On his desk he found a note to call the lab in Albuquerque. He dialed the number and spoke to a senior tech, who gave him the results of the DNA comparison testing. The remains were not those of George Spalding.

Friday night, Sara came home at a reasonable time with news from the Armed Forces DNA Identification Laboratory at Walter Reed. As she fed Patrick his dinner in his high chair, she told Kerney what had been discovered.

“The remains in Spalding’s casket belong to a chief petty officer. He was lost overboard when his strike assault boat came under fire during a mission to pick up a SEAL team operating near the Cambodian border in 1972. According to eyewitness reports, he took rounds in the chest. Several other sailors were wounded.”

“At least he wasn’t a murder victim,” Kerney said, “which means we have one less crime to worry about. How was his body retrieved?”

Sara wiped Patrick’s chin with a napkin. “There’s no record that it was, at least by our personnel. The file does show that South Vietnamese naval commandos mounted several search and recovery missions for his body after the SEAL pullout. But there are no follow-up action assessment reports. They were probably burned before Saigon fell. Lots of official documents were destroyed to keep them out of the hands of the North Vietnamese.”

“What about mortuary records?”

Sara held out the spoon to Patrick. He took it and banged it on the high chair. “According to the quartermaster corps, the sailor ’s remains were never received at either Da Nang or Tan Son Nhut. From what we now know, the likely scenario is that after Spalding faked his death, someone at the mortuary sent the body bag home under Spalding’s name, and whoever processed it stateside made sure no questions were asked.”

“I wonder how many gemstones were in the body bag, and how Spalding left Nam without getting caught.”

“Given his job, it would have been easy for him to assume a dead soldier ’s identity. He probably came home on a chartered troop transport flight.”

“He would have needed orders to do it.”

“Which a processing clerk could have provided for a hefty bribe.”

“That makes sense,” Kerney said. “Has the sailor ’s family been notified?”

Sara shook her head as she tried to get Patrick to eat more dinner. He pushed the spoon away. “No, but when they are told, there will be no mention of the fact that his remains were unearthed in a casket buried over thirty years ago under another man’s name.”
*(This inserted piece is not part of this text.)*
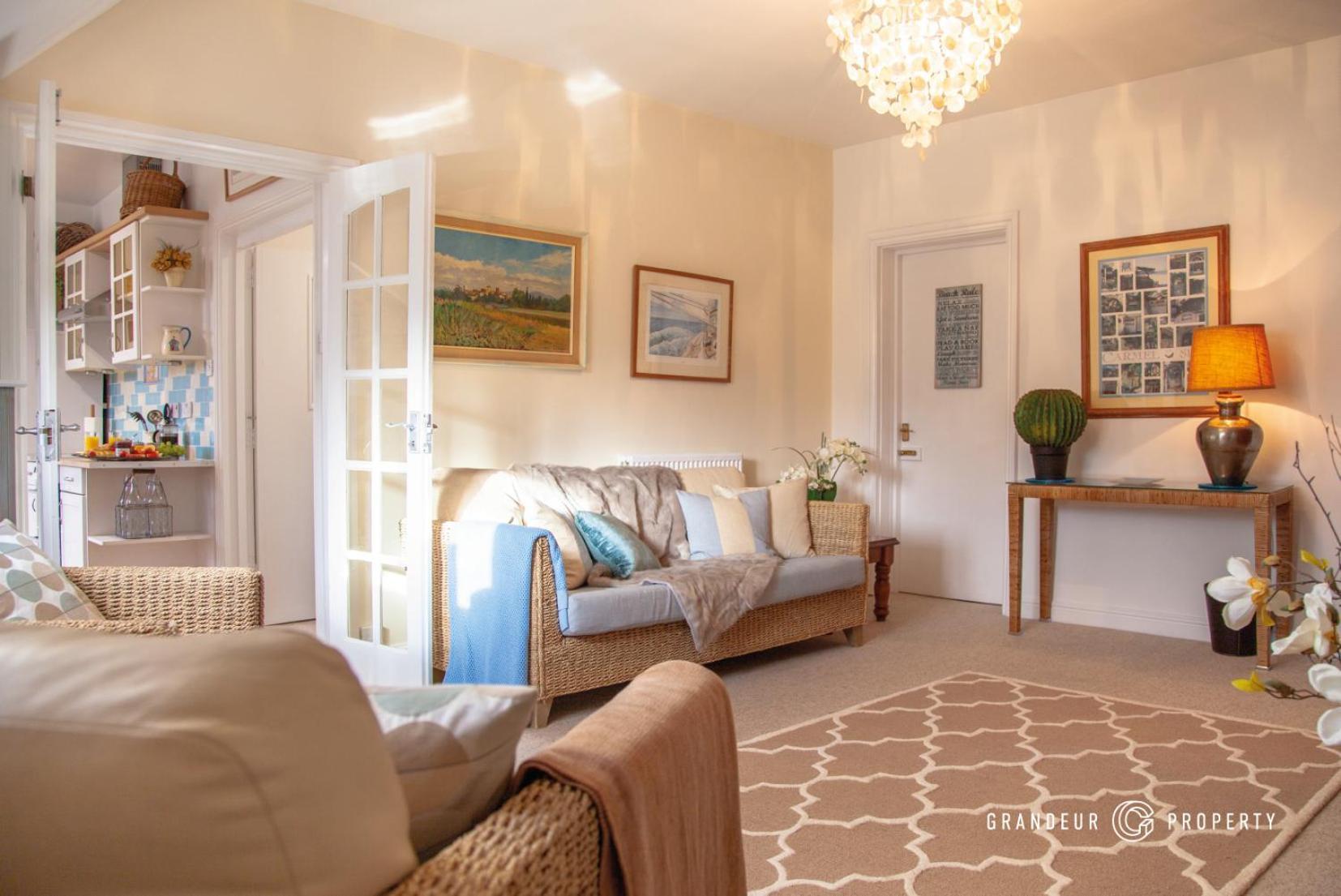 Sky View Suite By Grandeur Property Bournemouth Luaran gambar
“I think he’s finished eating.” Kerney took Patrick out of his high chair and plopped him on his lap. “That would be an embarrassment to the military.”

Sara gave him a guarded look. “Do you think they should be told the truth?”
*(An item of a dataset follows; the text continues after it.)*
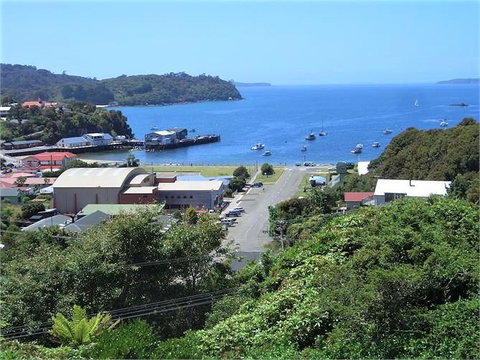 Stewart Island Backpackers - Accommodation New Zealand 2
“I don’t think that would be wise,” Kerney said. “The family has had over thirty years to wonder, hope, and grieve. Let them bury him and move on. What are the Army’s plans to find George Spalding?”

“JAG and CID have mounted a full-scale investigation into the entire gemstone smuggling operation. It’s quite possible that a quartermaster officer, who has since retired at a fairly high rank, may have been involved.”

“Why do you say that?”

“The officer in question authorized the release of the remains to Clifford and Alice Spalding and logged in the body bag containing the gemstone shipment that was intercepted.”

Patrick smeared a sticky hand on Kerney’s shirt and burped. “Are you still in the loop on the case?”

Sara shook her head. “Only peripherally, but I’ll keep an eye on it. When will you tell Alice Spalding about her son?”

“Not right away,” Kerney replied. “Although with her deteriorating mental condition it might not matter when I did. Are you busy tomorrow night?”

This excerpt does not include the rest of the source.